No hay día que pase sin llevarme las manos, al menos una, a la cabeza. No tanto en gesto de desesperación como de hartazgo por la incomprensible generalización de la ausencia de discernimiento que, a toque de trompeta mediática -incluso alternativa- se ha apoderado de tantos cristianos. Parece que han llegado a la convicción de que ser cristiano consiste en engancharse en cualquier banderín antieclesial que aparezca en los medios. Y digo convicción, no porque suponga que hay una reflexión orante previa que dé consistencia a la postura, sino todo lo contrario. Las convicciones hoy se han vuelto así de relativas e inconsistentes. Y además vienen con obsolescencia programada.

De algunos que conozco, con abono de primera fila en cada red social, o en cada manifestación, -porque hay que dejarse ver- podría decir que dejaron de participar en la Eucaristía en su primera comunión, pese a lo cual se arrogan el status creyente, fabricándose un dios a su medida. Y podría contar como su vida está asegurada a resguardo de cualquier compartir que la humanice y desposea. Cuando van a la 'mani', dejan la vida en casa bajo llave, para que no se la estropeen. Ayer escribía que no hay experiencia cristiana posible sin Eucaristía, y no hay Eucaristía sin Iglesia, y no hay Iglesia si no es en continuo peregrinar a la intemperie, de la institución, y de cada uno de los que la formamos. A estos hermanos se les ha olvidado hace tiempo, desde que dejaron de ponerse a tiro de Dios y se pusieron al propio.

Pero tampoco hay día que pase en que no me lleve las manos a la cabeza, igualmente, al comprobar con qué falta de discernimiento -y, a buen seguro, de oración; de oración, que no es lo mismo que rezos- tanto prelado, enredado en los ropajes, hace tiempo que olvidó (dejó de sentir) que Dios nos quiere entrañablemente a cada uno y cada una de nosotros, y que ese es el núcleo central e indiscutible del Evangelio. Y eso es lo que debería preocuparle vivir, orar, sentir y anunciar con su propia vida, sobre todo para que así, otros puedan vivir.

Ambas situaciones me parecen iguales. Ambos hacen gala de un discurso vacío, un corazón duro, una entraña inhumana y una idea inconsistente, porque no puede sosternerse coherentemente con la fe o con la propia vida. Ambos están esperando agazapado al otro, so capa de pureza, para lanzarse al cuello. Es normal, porque se olvidaron de orar unos por otros. 

Igual que hay eclesiásticos de salón, hay cristianos progres de barricada. Unos no han pìsado la calle desde hace mucho tiempo, y han perdido luz. Otros hace mucho  que, por no confrontarse con la Palabra de Dios, siguen creyendo que el Evangelio lo escriben ellos; lo malo es que no escriben el quinto que es tarea de todos, sino que pretenden reescribir los cuatro a su gusto.

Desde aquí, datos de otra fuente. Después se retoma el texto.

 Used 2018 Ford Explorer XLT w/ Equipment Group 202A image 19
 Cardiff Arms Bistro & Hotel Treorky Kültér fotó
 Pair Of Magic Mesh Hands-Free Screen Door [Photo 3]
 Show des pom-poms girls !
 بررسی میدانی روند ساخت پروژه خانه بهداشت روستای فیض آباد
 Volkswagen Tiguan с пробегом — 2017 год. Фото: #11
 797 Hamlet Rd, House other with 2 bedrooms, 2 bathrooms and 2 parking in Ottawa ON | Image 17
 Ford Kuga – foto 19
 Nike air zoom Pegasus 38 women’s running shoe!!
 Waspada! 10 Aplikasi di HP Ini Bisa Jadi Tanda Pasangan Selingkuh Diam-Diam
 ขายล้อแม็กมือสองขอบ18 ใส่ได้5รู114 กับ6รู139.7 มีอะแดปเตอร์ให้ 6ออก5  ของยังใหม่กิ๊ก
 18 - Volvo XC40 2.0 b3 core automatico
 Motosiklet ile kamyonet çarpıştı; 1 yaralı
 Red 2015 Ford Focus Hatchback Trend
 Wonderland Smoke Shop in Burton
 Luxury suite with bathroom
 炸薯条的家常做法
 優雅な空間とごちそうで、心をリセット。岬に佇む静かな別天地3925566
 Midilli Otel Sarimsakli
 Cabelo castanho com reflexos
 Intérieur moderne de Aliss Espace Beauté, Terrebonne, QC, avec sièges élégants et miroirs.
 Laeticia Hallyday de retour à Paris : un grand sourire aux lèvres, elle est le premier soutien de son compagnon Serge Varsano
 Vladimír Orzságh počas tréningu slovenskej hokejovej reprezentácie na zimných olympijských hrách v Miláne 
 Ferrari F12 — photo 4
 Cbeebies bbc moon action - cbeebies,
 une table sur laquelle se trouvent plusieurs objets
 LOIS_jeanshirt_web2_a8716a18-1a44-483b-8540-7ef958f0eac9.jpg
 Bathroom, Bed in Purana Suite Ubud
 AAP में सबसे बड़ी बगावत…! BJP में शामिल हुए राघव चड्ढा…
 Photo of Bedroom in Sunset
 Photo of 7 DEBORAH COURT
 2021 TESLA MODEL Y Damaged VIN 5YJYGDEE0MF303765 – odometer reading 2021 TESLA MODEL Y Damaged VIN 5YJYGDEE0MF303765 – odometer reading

Unos y otros comparten caprichos y comodidades. Y comparten banalidad inmisericorde. Unos lo manifiestan en unos temas y otros en otros. Pero, en definitiva, ambos nos encaminan hacia la misma dirección: la distancia de Dios y de los hermanos y hermanas que sufren; esa que se agranda por sendas de mundanidad, porque es lo que toca; que es lo que siempre le ha pasado a los extremos, que se tocan.